La résolution de la donation en cas de réalisation d’une condition
La donation est parfois assortie d’une condition, c’est-à-dire d’un évènement futur et incertain, indépendant de la seule volonté des parties. L’exemple le plus courant est le droit de retour conventionnel, qui s’applique lorsque le donataire décède avant le donateur.
Dans ce cas, si l’évènement prévu se produit, la condition est réalisée, et la donation est rétroactivement résolue. On considère alors que la donation n’a jamais existé. Il en résulte tout d’abord que le donateur n’a pas à s’acquitter de droits de mutation à titre gratuit. Par ailleurs, si le bien donné avait été vendu par le donataire, cette cession est annulée.

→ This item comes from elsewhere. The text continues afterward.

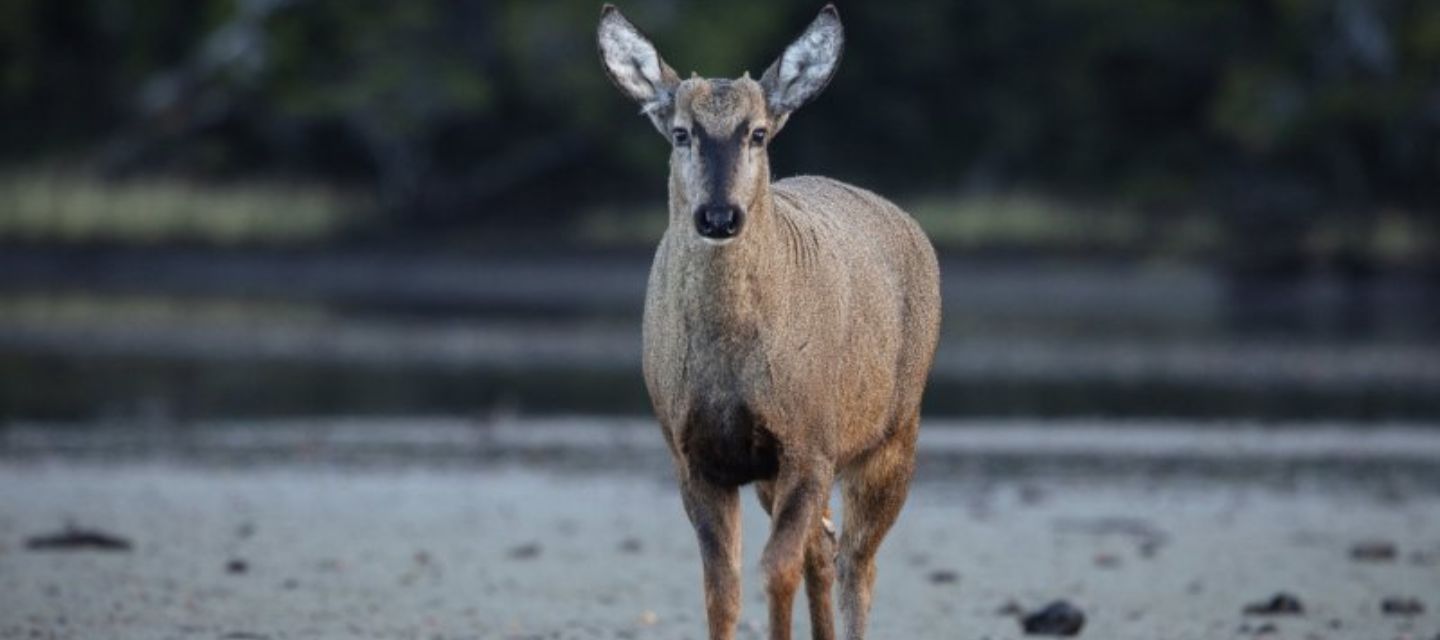 Los esfuerzos de Chile y Argentina para devolver el extinto huemul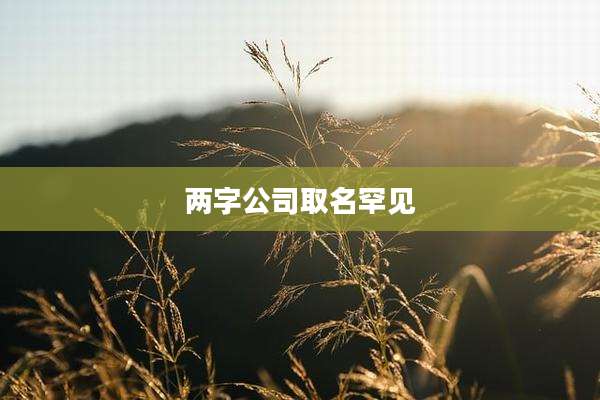 两字公司取名罕见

Pour cette raison, lorsqu’existe une condition dans une donation, le donateur doit intervenir à la vente pour supprimer la condition, afin d’éviter que cette vente ne soit ultérieurement annulée.
Les effets au décès du donateur
Le rapport de la donation
Le rapport permet d’assurer l’égalité entre les héritiers. Il est fondé sur l’idée que le bien donné à l’un des héritiers ne constituait qu’une avance sur la succession du donateur. Le rapport consiste donc pour le donataire à placer dans la masse à partager la valeur du bien donné, ou, plus rarement, le bien lui-même.
Le rapport ne s’impose pas dans tous les cas. Il faut tout d’abord que le donataire soit un héritier du donateur, et qu’il ait accepté la succession du donateur (article 843 du Code civil). Il faut également que la donation ait été consentie en avancement de part successorale. Si elle a été faite hors part successorale, c’est parce que le donateur voulait avantager le donataire, et qu’il ne s’agissait donc pas d’une avance sur sa future part successorale.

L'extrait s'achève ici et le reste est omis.